'La cantante calva' se instala en el Olympia

Una de las escenas de 'La cantante calva' con los actores Fernando Tejero, Carmen Ruiz, Joaquín Climent, Adriana Ozores y Javier Pereira. / LP
Una de las escenas de 'La cantante calva' con los actores Fernando Tejero, Carmen Ruiz, Joaquín Climent, Adriana Ozores y Javier Pereira. / LP

Carmen Ruiz, que también interpretó en 2005 el personaje de la Sra. Martin, dice que la obra evidencia la falta de comunicación

NIEVES MARCOS VALENCIA.

El matrimonio Smith, sus amigos los Martin y su criada Mary protagonizan 'La cantante calva', obra que hasta el 4 de febrero se estará representando en el Teatro Olympia de Valencia. Interpretada por grandes actrices y actores como Adriana Ozores, Fernando Tejero, Joaquín Climent, Carmen Ruiz, Javier Pereira y Helena Lanza, 'La cantante calva', escrita hace casi siete décadas por Eugène Ionesco, es una de las obras más representativas del teatro del absurdo. Dirigida por Luis Luque y producida por Pentación Espectáculos y Teatro Español de Madrid, cuenta con música original de Luis Miguel Cobo. La traducción y versión es de Natalia Menéndez y la escenografía corren a cargo de Mónica Boromello.
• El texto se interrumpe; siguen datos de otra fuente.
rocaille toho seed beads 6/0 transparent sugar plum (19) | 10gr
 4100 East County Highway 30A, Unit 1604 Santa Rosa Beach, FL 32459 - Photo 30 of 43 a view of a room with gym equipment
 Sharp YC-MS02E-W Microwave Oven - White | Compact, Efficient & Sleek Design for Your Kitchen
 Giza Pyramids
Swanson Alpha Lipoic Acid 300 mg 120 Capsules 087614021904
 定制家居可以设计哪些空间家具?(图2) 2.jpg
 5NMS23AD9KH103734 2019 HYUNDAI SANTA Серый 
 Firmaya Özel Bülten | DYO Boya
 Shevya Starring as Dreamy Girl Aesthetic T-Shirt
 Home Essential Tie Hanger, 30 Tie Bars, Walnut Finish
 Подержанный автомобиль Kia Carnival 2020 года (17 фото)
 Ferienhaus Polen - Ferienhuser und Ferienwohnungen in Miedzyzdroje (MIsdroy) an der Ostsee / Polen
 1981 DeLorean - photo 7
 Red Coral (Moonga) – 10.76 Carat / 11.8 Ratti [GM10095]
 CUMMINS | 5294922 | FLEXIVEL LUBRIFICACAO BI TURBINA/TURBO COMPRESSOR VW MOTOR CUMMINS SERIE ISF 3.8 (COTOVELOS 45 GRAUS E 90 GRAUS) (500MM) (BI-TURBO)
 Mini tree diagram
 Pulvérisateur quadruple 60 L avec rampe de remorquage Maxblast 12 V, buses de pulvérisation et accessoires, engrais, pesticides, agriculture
En una entrevista con LAS PROVINCIAS, la televisiva Carmen Ruiz, una de las protagonistas del montaje, popular por series de televisión como 'Gym Tony', 'Con el culo al aire' o 'Buen agente', aseguró que se trata de una «gran comedia» que es en sí misma una «gran tragedia». Agregó que el mensaje de 'La cantante calva' es «la gran falta» de comunicación del mundo.

- Cuál es el personaje de Carmen Ruiz en este montaje?

- Mi personaje es el de la señora Martin, esposa de señor Martin (Fernando Tejero), y como todos los 'no personajes' de esta obra, que es como los define Luis Luque muy acertadamente en mi opinión, agrupa todas las personalidades que pueden existir en uno mismo. Es un personaje extraordinario para trabajar porque se divierte, se asusta, es intrépida, se vuelve loca, es enamoradiza, es despistada... Lo tiene todo. La señora Martin son muchas señoras en una.

- Hace varios años también participaste en esta obra, entonces con la compañía Yllana.

- Sí, efectivamente. Fue en el año 2005 y curiosamente también hacía el personaje de la señora Martin. La representación era distinta por el tipo de montaje de Yllana, pero extraordinaria también. Es lo que tiene interpretar un texto tan potente y sensacional como este.

- Misma obra, dos directores... ¿Eso es llevar ventaja respecto a tus compañeros?

- Para nada porque depende mucho del director, de la propuesta escénica e interpretativa. Es una propuesta totalmente distinta a la de entonces y el texto en 11 años se olvida, porque es muy complejo. También es cierto que es fantástico porque son dos visiones muy diferentes, respetando ambas el texto original. Como persona y actriz yo he madurado mucho en 11 años y aunque me enfrento al mismo personaje lo estoy haciendo de una forma totalmente diferente. Sigue siendo un reto cada día en escena porque es una obra que exige mucho rigor. No hay que hacer máscara, ni payasear.

- Una obra que en el Théâtre de la Huchette de París lleva sesenta años representándose, ¿impone como actriz o es como un seguro de éxito?

- La obra en sí impone porque bajo el código del teatro del absurdo tiene que ser representada transmitiendo mucha verdad. Pero, a su vez, saber que lleva tantos años representándose no sólo en París, sino en muchas otras partes del mundo, me encanta. Pienso que este tipo de montajes gusta porque el absurdo, el disparate, las cosas que parece que no se entienden, son con as que más se conecta. La comedia está en la primera capa, pero debajo se está hablando de muchas cosas trágicas como la incomunicación social, la religión, la política o las complejas relaciones de pareja.